The world of tokenization has been dominated by Ethereum's ERC-20 standard since 2015, enabling everything from stablecoins to DeFi protocols to NFT projects. Bitcoin Cash's CashTokens protocol, introduced in May 2023, offers a fundamentally different approach to tokens at the protocol layer. Let's explore how these two standards compare, where each is stronger, and which tradeoffs matter for different use cases.

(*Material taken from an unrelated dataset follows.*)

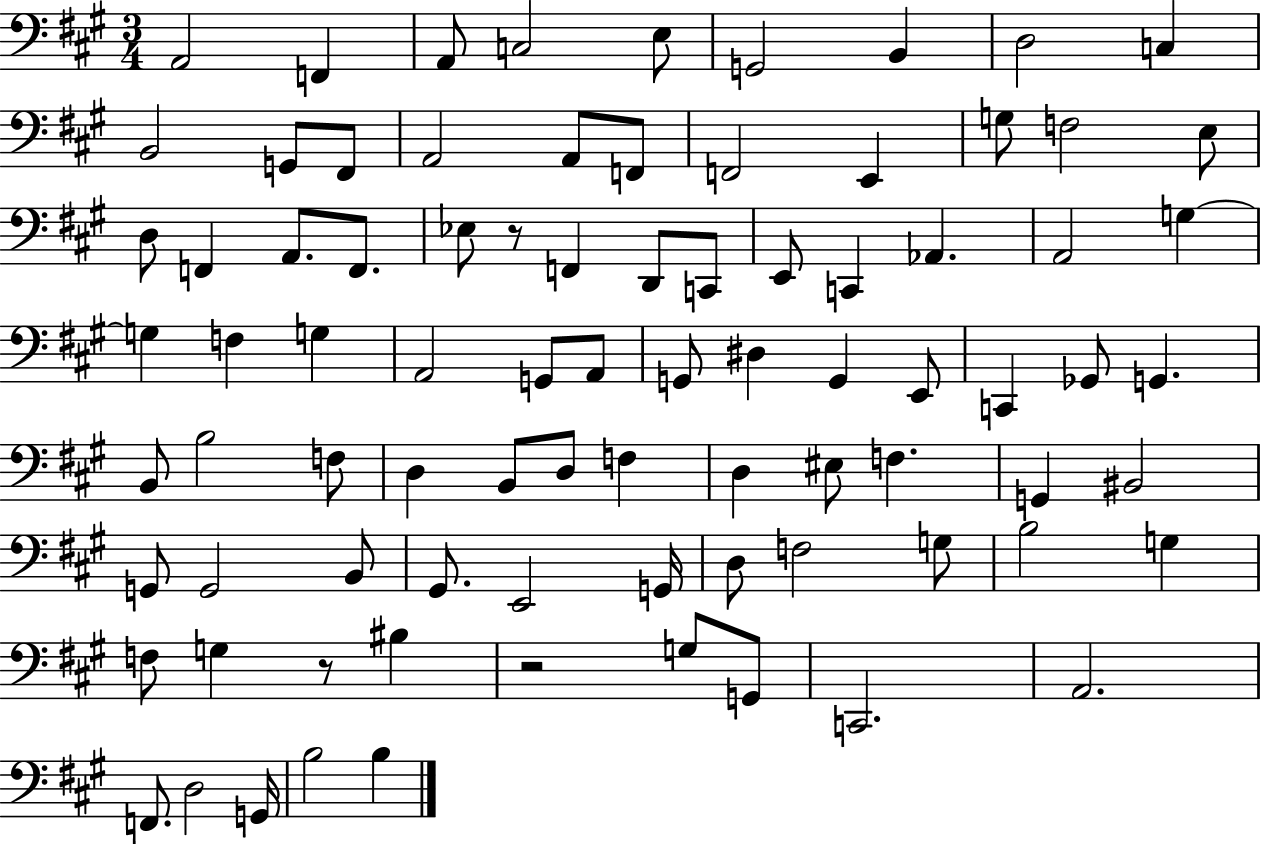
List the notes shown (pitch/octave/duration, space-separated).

A2/h F2/q A2/e C3/h E3/e G2/h B2/q D3/h C3/q B2/h G2/e F#2/e A2/h A2/e F2/e F2/h E2/q G3/e F3/h E3/e D3/e F2/q A2/e. F2/e. Eb3/e R/e F2/q D2/e C2/e E2/e C2/q Ab2/q. A2/h G3/q G3/q F3/q G3/q A2/h G2/e A2/e G2/e D#3/q G2/q E2/e C2/q Gb2/e G2/q. B2/e B3/h F3/e D3/q B2/e D3/e F3/q D3/q EIS3/e F3/q. G2/q BIS2/h G2/e G2/h B2/e G#2/e. E2/h G2/s D3/e F3/h G3/e B3/h G3/q F3/e G3/q R/e BIS3/q R/h G3/e G2/e C2/h. A2/h. F2/e. D3/h G2/s B3/h B3/q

Understanding the Two Approaches

Before diving into comparisons, let's understand what makes each token standard unique.

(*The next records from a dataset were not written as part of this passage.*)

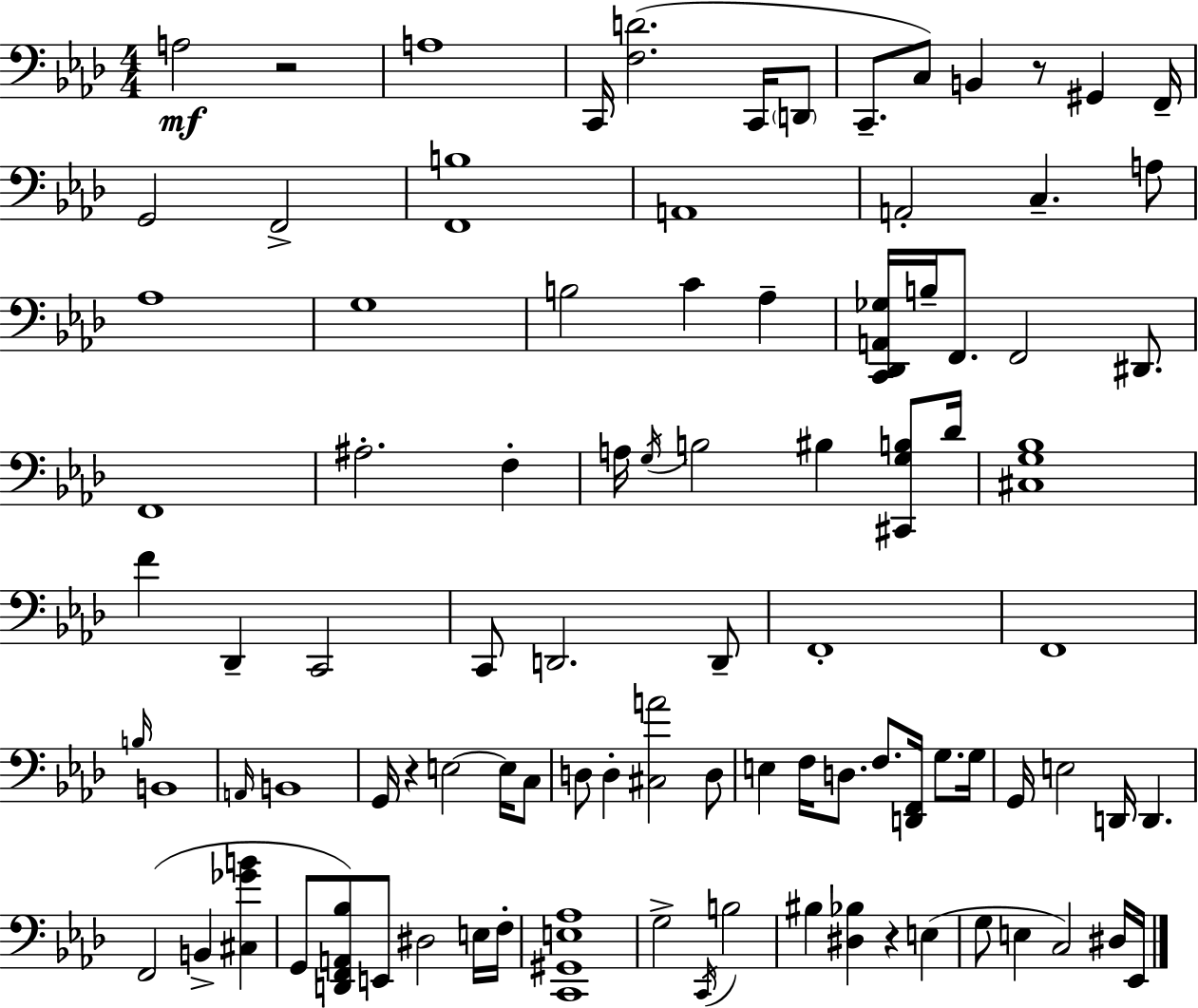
{
  \clef bass
  \numericTimeSignature
  \time 4/4
  \key aes \major
  a2\mf r2 | a1 | c,16 <f d'>2.( c,16 \parenthesize d,8 | c,8.-- c8) b,4 r8 gis,4 f,16-- | \break g,2 f,2-> | <f, b>1 | a,1 | a,2-. c4.-- a8 | \break aes1 | g1 | b2 c'4 aes4-- | <c, des, a, ges>16 b16-- f,8. f,2 dis,8. | \break f,1 | ais2.-. f4-. | a16 \acciaccatura { g16 } b2 bis4 <cis, g b>8 | des'16 <cis g bes>1 | \break f'4 des,4-- c,2 | c,8 d,2. d,8-- | f,1-. | f,1 | \break \grace { b16 } b,1 | \grace { a,16 } b,1 | g,16 r4 e2~~ | e16 c8 d8 d4-. <cis a'>2 | \break d8 e4 f16 d8. f8. <d, f,>16 g8. | g16 g,16 e2 d,16 d,4. | f,2( b,4-> <cis ges' b'>4 | g,8 <d, f, a, bes>8) e,8 dis2 | \break e16 f16-. <c, gis, e aes>1 | g2-> \acciaccatura { c,16 } b2 | bis4 <dis bes>4 r4 | e4( g8 e4 c2) | \break dis16 ees,16 \bar "|."
}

ERC-20: Smart Contract Tokens

Ethereum's ERC-20 tokens are implemented as smart contracts:

  • Each token is a separate contract deployed on Ethereum
  • The contract maintains an internal ledger of balances
  • Token transfers execute contract code
  • Developers must implement standard functions (transfer, approve, etc.)

Example: When Alice sends Bob 100 USDT (an ERC-20 token):

  1. A transaction calls the USDT contract
  2. Contract executes code to verify the transfer
  3. Contract updates its internal balance ledger
  4. Alice pays Ethereum gas fees for the execution

CashTokens: Protocol-Level Tokens

Bitcoin Cash's CashTokens are built into the protocol:

  • Tokens are UTXOs with additional metadata
  • Token handling is native to the blockchain
  • No separate contract execution required
  • Wallets and nodes handle tokens at the protocol level

Example: When Alice sends Bob 100 TetherCash (a CashToken):

  1. A transaction spends a UTXO containing tokens
  2. Protocol validates the token transfer
  3. New UTXO created with tokens for Bob
  4. Alice pays a tiny BCH fee (typically <$0.01)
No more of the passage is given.